Occasions of assessment might involve feedback from the teacher, from peers, or from students’ self-evaluation. Sometimes the teacher may give criteria, sometimes engage students in defining their own criteria. While there are many reasonable approaches to ongoing assessment, the constant factors are shared and public criteria, regular feedback, and frequent reflection throughout the learning process.

These four concepts delineate what we have found to be the core elements of instruction that put disciplinary understanding up front. Of course, they do not address every condition that affects student understanding. Other factors such as classroom structure and teacher-student relationships play important roles as well. The framework is meant only as a guide, which keeps the focus on understanding while allowing teachers room to design units and courses that suit their particular styles and priorities as practitioners in their disciplines.

What’s New Here?

“Aren’t we basically talking about good activities?” you might reasonably ask. We are indeed talking about teaching with good activities—good activities “plus.” It is the “plus” that is the special contribution of this framework.

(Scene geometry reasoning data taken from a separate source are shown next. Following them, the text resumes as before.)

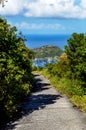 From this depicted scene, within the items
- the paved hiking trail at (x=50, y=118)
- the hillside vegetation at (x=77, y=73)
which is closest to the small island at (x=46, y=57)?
the hillside vegetation at (x=77, y=73)

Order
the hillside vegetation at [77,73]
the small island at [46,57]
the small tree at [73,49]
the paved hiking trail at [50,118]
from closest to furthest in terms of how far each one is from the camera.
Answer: the paved hiking trail at [50,118], the hillside vegetation at [77,73], the small tree at [73,49], the small island at [46,57]

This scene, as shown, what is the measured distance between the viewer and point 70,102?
26109mm

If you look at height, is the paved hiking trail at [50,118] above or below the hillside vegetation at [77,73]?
below

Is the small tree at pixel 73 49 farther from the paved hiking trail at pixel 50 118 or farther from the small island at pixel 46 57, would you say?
the small island at pixel 46 57

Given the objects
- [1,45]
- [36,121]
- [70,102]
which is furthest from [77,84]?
[36,121]

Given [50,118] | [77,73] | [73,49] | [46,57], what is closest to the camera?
[50,118]

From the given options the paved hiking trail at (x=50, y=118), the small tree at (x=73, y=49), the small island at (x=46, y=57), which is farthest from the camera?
the small island at (x=46, y=57)

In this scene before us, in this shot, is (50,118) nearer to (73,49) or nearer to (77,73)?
(77,73)

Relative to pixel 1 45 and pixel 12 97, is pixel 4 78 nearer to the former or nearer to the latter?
pixel 12 97

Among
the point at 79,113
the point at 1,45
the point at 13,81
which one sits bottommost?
the point at 79,113

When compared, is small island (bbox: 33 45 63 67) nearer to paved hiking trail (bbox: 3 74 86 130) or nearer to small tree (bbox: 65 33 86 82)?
small tree (bbox: 65 33 86 82)

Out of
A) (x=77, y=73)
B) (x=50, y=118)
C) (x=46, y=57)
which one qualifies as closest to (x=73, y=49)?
(x=77, y=73)

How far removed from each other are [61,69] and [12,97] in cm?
2668

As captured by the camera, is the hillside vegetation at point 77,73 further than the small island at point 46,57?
No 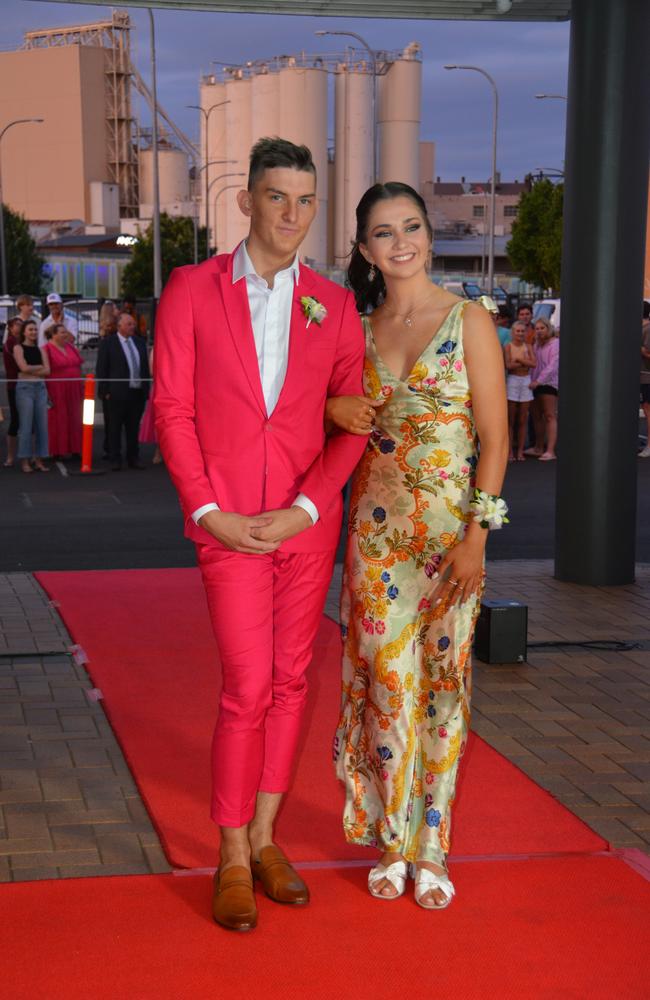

While teachers have always sought to teach with good activities, often those activities do not involve performances of understanding. For instance, a Jeopardy-style history quiz, an art activity of drawing the Boston Tea Party, a follow-the-recipe-style science experiment all can be engaging activities. But, typically, they do not press the learners to think well beyond what they already know. While some teachers often engage students in understanding performances, their curriculum may lack the focus provided by thinking in terms of carefully selected generative topics and goals for understanding. Or some students may not receive the ongoing assessment needed to help them learn from the performances of understanding.

Indeed, some of our most interesting work in developing this framework has been with teachers who already do much, or even most, of what the framework advocates. They tell us that the framework gives them a language and a philosophy. It helps them to sharpen the focus of their efforts. Frankly, we would be suspicious of the framework if the kind of teaching it advocated came as a surprise to most teachers. We hope instead that it will look familiar; “Yes, that’s the kind of teaching I like to do—and sometimes, even often, do do.” As emphasized earlier, teachers already strive to teach for understanding. So this performance view of teaching for understanding does not aim at radical, burn-the-bridges innovation. Its banner is not “completely new and wholly different” but a just-as-crucial “more and better.”

Authors’ note: We wish to thank the Spencer Foundation for its generous support of this research.